SEOUL • North and South Korea yesterday exchanged fire across the demilitarised zone (DMZ) in one of the worst incidents since 2010, sparking fears that hostilities will escalate dangerously.
Direct exchanges of fire across the land border are extremely rare, mainly, analysts say, because both countries, which remain technically at war, recognise the risk of a sudden and potentially disastrous escalation of conflict.
Yesterday's incident came amid heightened tensions following landmine blasts that maimed two members of a South Korean border patrol earlier this month and the launch this week of a major South Korea-US military exercise that infuriated the North.
A defence ministry spokesman said South Korea had detected a rocket fired from the North Korean side across a western section of the border shortly before 4pm. "It landed on our side, but struck no military target," the spokesman told AFP, adding that there were no apparent casualties or damage.
South Korean military retaliated by launching "dozens of rounds of 155mm shells" targeting the rocket launch site, the ministry said in a statement. "We have strengthened our military readiness and are closely watching movements of the North's military," it added.
The spokesman said South Korean troops had been placed on the highest-level alert, while President Park Geun Hye reportedly called and chaired an emergency meeting of her National Security Council.
A government official in Yeoncheon county - some 60km north of the capital Seoul - told AFP that residents of several border villages had been ordered to evacuate to nearby shelters.
Mr Dan Pinkston, Korea expert at the International Crisis Group in Seoul, said the motive for the initial rocket firing by North Korea was unclear. "It could always have been an error, but more likely it was the show of displeasure that the North has been threatening for a while now," Mr Pinkston said.

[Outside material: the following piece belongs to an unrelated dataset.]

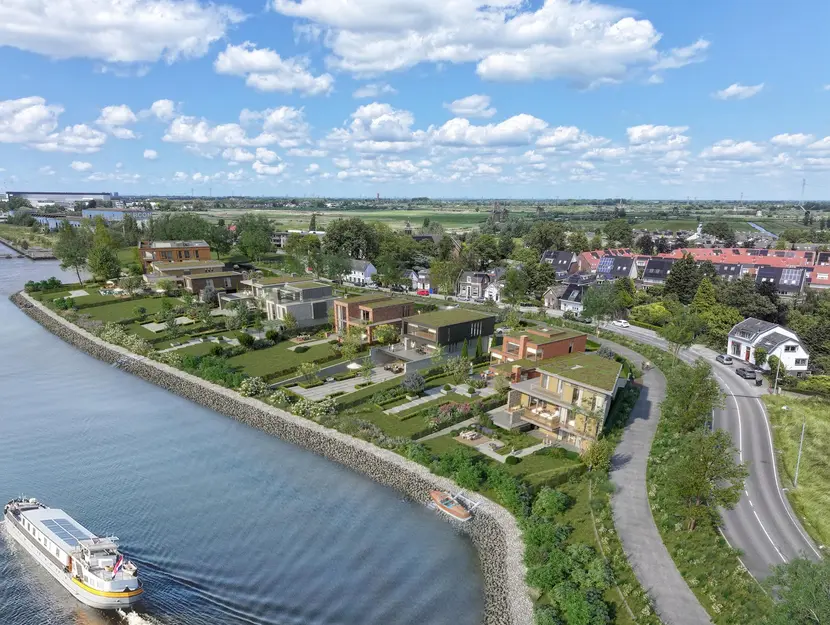 Oeverkavel, bouwnummer 8 , ALBLASSERDAM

The incident will fuel tensions that have been on high simmer in recent weeks following the border landmine incident. Seoul said the mines were placed by Pyongyang, and responded by resuming high- decibel propaganda broadcasts across the border, using loudspeakers that had lain silent for more than a decade.
The North has denied any role in the landmine incident and yesterday issued a 48-hour ultimatum for Seoul to dismantle the loudspeakers or face military action.
It has also threatened retaliatory strikes after Seoul and Washington refused to call off their annual Ulchi Freedom military drill, which kicked off on Monday and role-plays responses to an invasion by the nuclear-armed North.
North Korea regularly steps up its bellicose rhetoric before and during the annual joint exercises, but rarely follows through on its threats. In the past, its default response has been to test-fire missiles into the East Sea (Sea of Japan).
"Sending a rocket over the border is surprising, because the inherent risks are just so big," Mr Pinkston said. "If it had hit something strategic or caused any casualties, the South's response would have been far stronger, and then suddenly we're on the path towards a serious confrontation," he added.
The last direct attack on the South was in November 2010, when North Korea shelled the South Korean border island of Yeonpyeong, killing two civilians and two soldiers. On that occasion, the South responded by shelling North Korean positions, triggering brief fears of a full-scale conflict.
In October last year, North Korea border guards attempted to shoot down some helium balloons launched across the land border by activists and carrying thousands of anti-North leaflets. The incident triggered a brief exchange of heavy machine-gun fire and scuppered a planned resumption of high-level talks.